LONDON: Global stocks surged on Monday, extending gains from their best quarter since 2010, as strong Chinese factory activity data and signs of progress in U.S.-China trade negotiations gave investors reason to cheer.
European stocks posted their best daily gains since mid-February, with the pan-European STOXX 600 index up 0.8 percent. Germany's trade-sensitive DAX outperformed with a 1 percent rise, helped by gains in auto maker stocks.
MSCI's All-Country World Index, which tracks shares in 47 countries, was up 0.4 percent on the day. It had just posted its best quarter since 2010. S&P 500 futures were up about 0.7 percent, indicating a higher open on Wall Street.
"Investors' sentiment seems to be tilting to the side of optimism at the beginning of the second quarter, following a robust manufacturing report from China," said Konstantinos Anthis, head of research at ADSS.
China's official purchasing managers' index (PMI) released on Sunday showed factory activity unexpectedly grew for the first time in four months in March.

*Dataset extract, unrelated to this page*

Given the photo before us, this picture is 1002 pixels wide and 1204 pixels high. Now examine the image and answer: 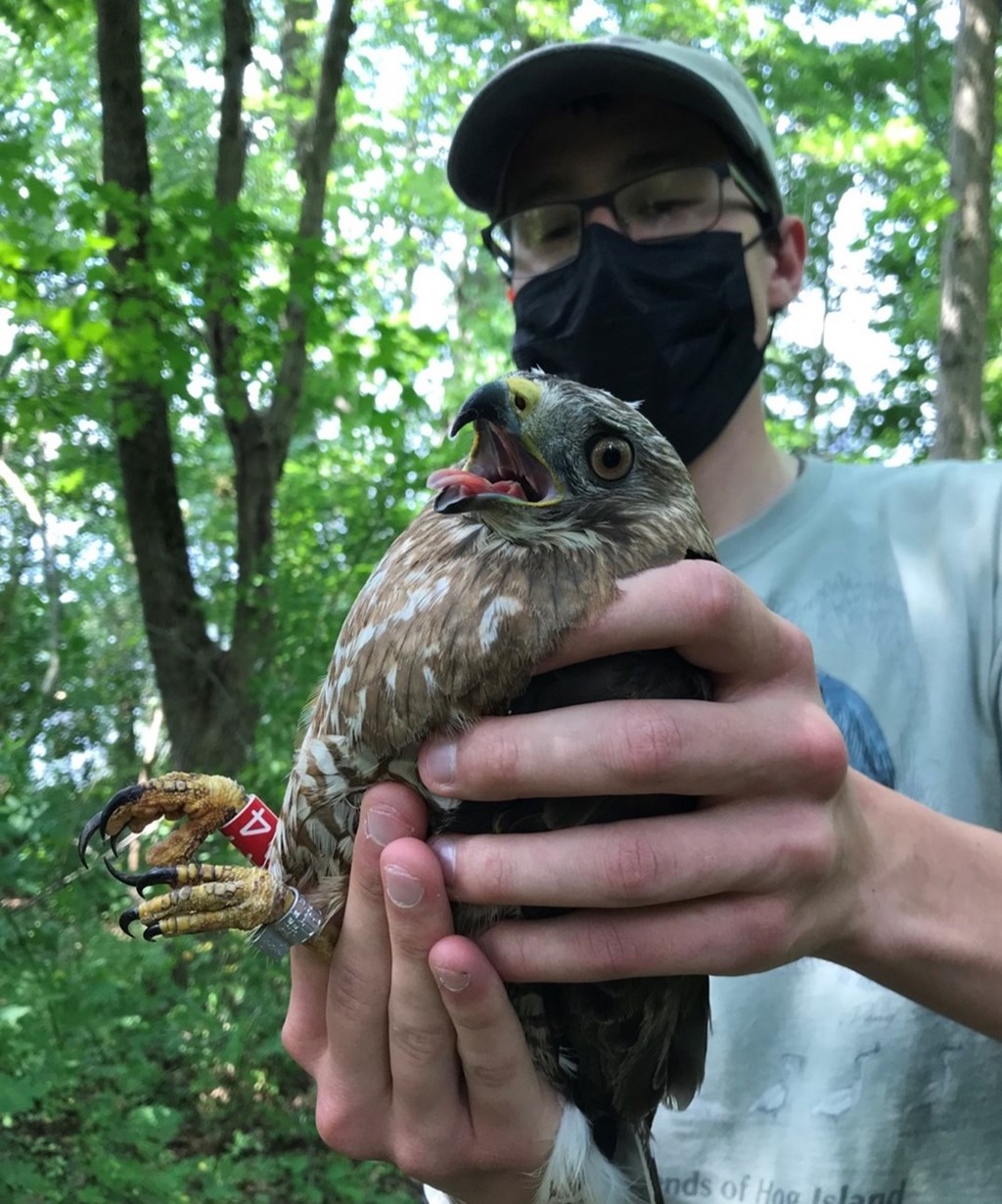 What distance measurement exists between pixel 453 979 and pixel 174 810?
0.71 metres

A private business survey, the Caixin/Markit PMI, released on Monday, also showed manufacturing.
"This news helps ease market participants' worries over the odds of an upcoming recession on a global scale, even though there are plenty of signs suggesting caution," Anthis said.
Recent signals from bond markets have alerted investors to the possibility of an slowdown in the global economy. Yields on short-dated government bonds in the United States had fallen below those of longer-dated bonds - a phenomenon known as yield curve inversion, which has preceded every major recession.
"We don't see recession in 2019 or early 2020 - we believe the Federal Reserve unambiguously ending three years of tightening, and other central banks' dovish tilts, have extended the cycle," wrote Bob Michele, CIO and head of global fixed income at J.P. Morgan Asset Management in a note to clients.
"We left the probability of recession unchanged at 10 percent, although even a minor policy error could raise that."
The 3-month-to-10-year yield spread has since pulled back from negative territory and stood around 3 basis points.
TRADE OPTIMISM
Earlier in Asia, MSCI's broadest index of Asia-Pacific shares outside Japan added 1 percent and the Shanghai Composite Index rallied 2.6 percent.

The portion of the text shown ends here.